Likely taken from Camiri, a Bolivian place name, giving it a geographic and modern style.
Camiri carries the dust of the Bolivian Chaco in its syllables. The town of Camiri, located in the Santa Cruz department of Bolivia, sits at the edge of where Andean foothills give way to the lowland plains — historically a region of the Chiriguano and Chané peoples, whose languages belonged to the Guaraní and Arawakan families respectively. The name is believed to derive from indigenous Chiriguano vocabulary, with some scholars suggesting roots meaning something close to "place of meeting" or tied to local geographic features, though the precise etymology remains lightly documented, as is the case with many Chaco-region toponyms.
Camiri gained international historical attention in 1967 when Che Guevara's guerrilla campaign came to its end nearby, and the town briefly became a dateline in newspapers across the world. That association with revolutionary idealism gave the name a certain romantic currency in Latin American leftist cultural circles through the 1970s and 1980s. More quietly, it has functioned as a given name in Bolivian communities, particularly in the Santa Cruz lowlands, where place-based naming honors ancestral territory.

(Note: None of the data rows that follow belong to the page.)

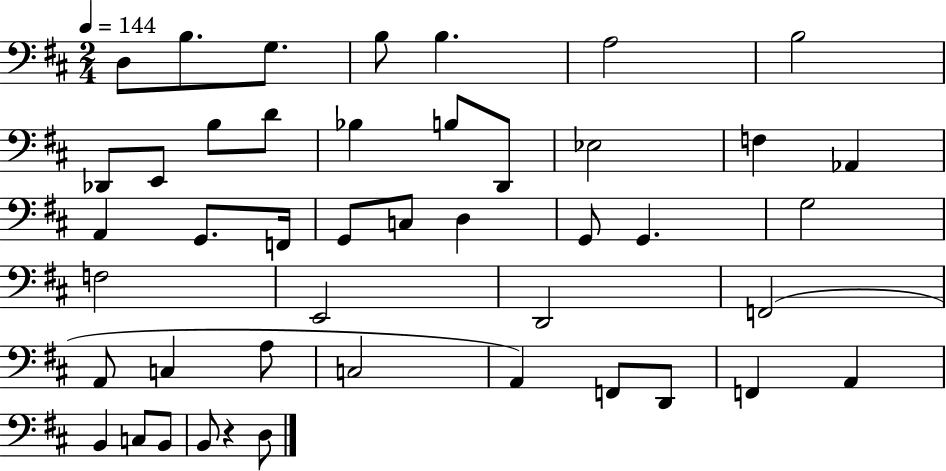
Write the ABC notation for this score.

X:1
T:Untitled
M:2/4
L:1/4
K:D
D,/2 B,/2 G,/2 B,/2 B, A,2 B,2 _D,,/2 E,,/2 B,/2 D/2 _B, B,/2 D,,/2 _E,2 F, _A,, A,, G,,/2 F,,/4 G,,/2 C,/2 D, G,,/2 G,, G,2 F,2 E,,2 D,,2 F,,2 A,,/2 C, A,/2 C,2 A,, F,,/2 D,,/2 F,, A,, B,, C,/2 B,,/2 B,,/2 z D,/2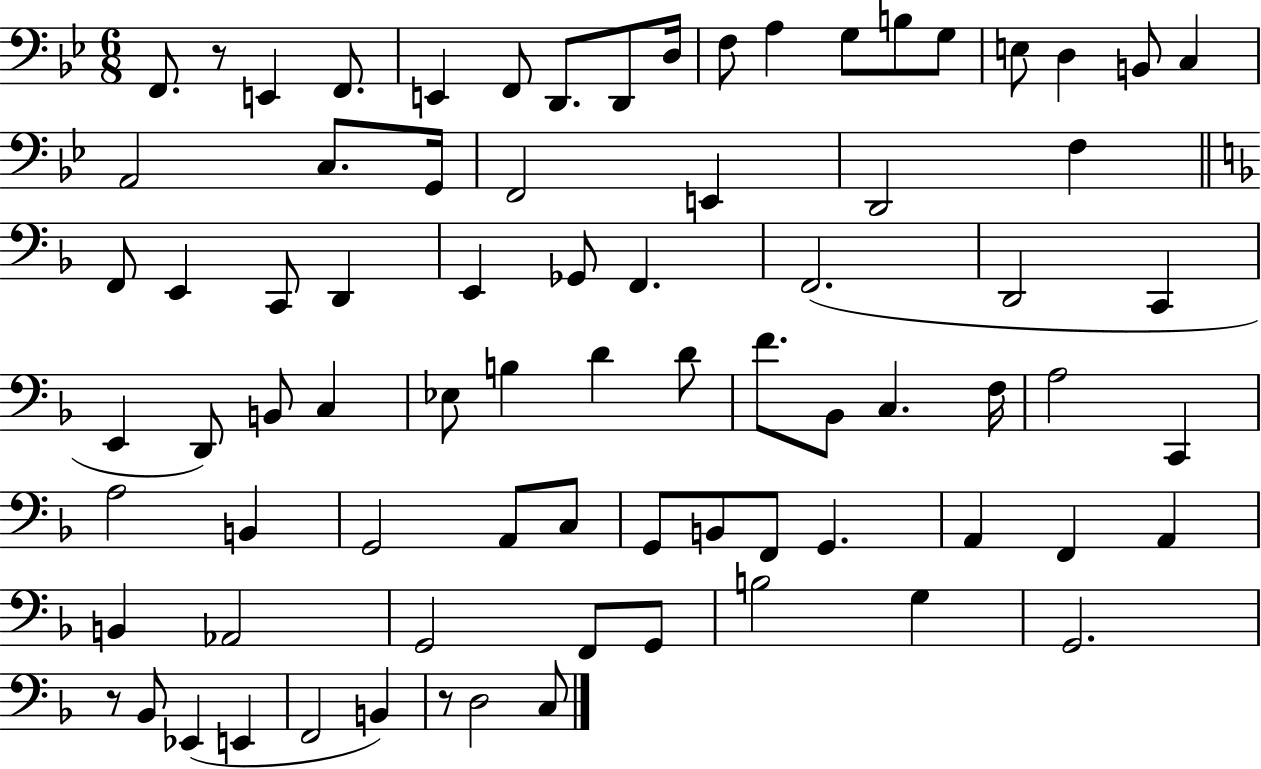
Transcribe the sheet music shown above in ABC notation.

X:1
T:Untitled
M:6/8
L:1/4
K:Bb
F,,/2 z/2 E,, F,,/2 E,, F,,/2 D,,/2 D,,/2 D,/4 F,/2 A, G,/2 B,/2 G,/2 E,/2 D, B,,/2 C, A,,2 C,/2 G,,/4 F,,2 E,, D,,2 F, F,,/2 E,, C,,/2 D,, E,, _G,,/2 F,, F,,2 D,,2 C,, E,, D,,/2 B,,/2 C, _E,/2 B, D D/2 F/2 _B,,/2 C, F,/4 A,2 C,, A,2 B,, G,,2 A,,/2 C,/2 G,,/2 B,,/2 F,,/2 G,, A,, F,, A,, B,, _A,,2 G,,2 F,,/2 G,,/2 B,2 G, G,,2 z/2 _B,,/2 _E,, E,, F,,2 B,, z/2 D,2 C,/2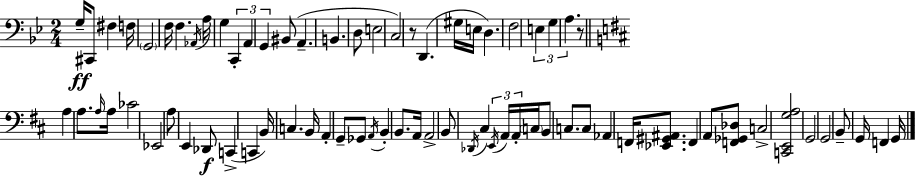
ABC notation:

X:1
T:Untitled
M:2/4
L:1/4
K:Bb
G,/4 ^C,,/2 ^F, F,/4 G,,2 F,/4 F, _A,,/4 A,/4 G, C,, A,, G,, ^B,,/2 A,, B,, D,/2 E,2 C,2 z/2 D,, ^G,/4 E,/4 D, F,2 E, G, A, z/2 A, A,/2 A,/4 A,/4 _C2 _E,,2 A,/2 E,, _D,,/2 C,, C,, B,,/4 C, B,,/4 A,, G,,/2 _G,,/2 A,,/4 B,, B,,/2 A,,/4 A,,2 B,,/2 _D,,/4 ^C, E,,/4 A,,/4 A,,/4 C,/4 B,,/2 C,/2 C,/2 _A,, F,,/4 [_E,,^G,,^A,,]/2 F,, A,,/2 [F,,_G,,_D,]/2 C,2 [C,,E,,G,A,]2 G,,2 G,,2 B,,/2 G,,/4 F,, G,,/4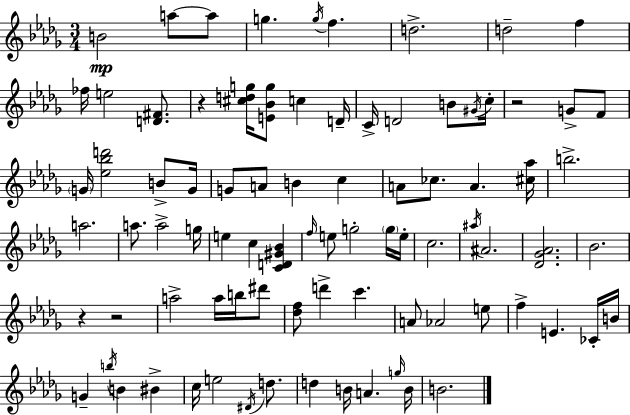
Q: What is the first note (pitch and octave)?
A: B4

As a given name in broader circulation, Camiri has a melodic, gently exotic quality that places it alongside names like Amiri and Kalani in contemporary multicultural naming trends. Its three rolling syllables feel equally at home in Spanish, English, and Portuguese phonetic contexts, and its rarity ensures that bearers of the name carry something genuinely distinctive — a name rooted in specific geography and the complex, layered history of indigenous South America.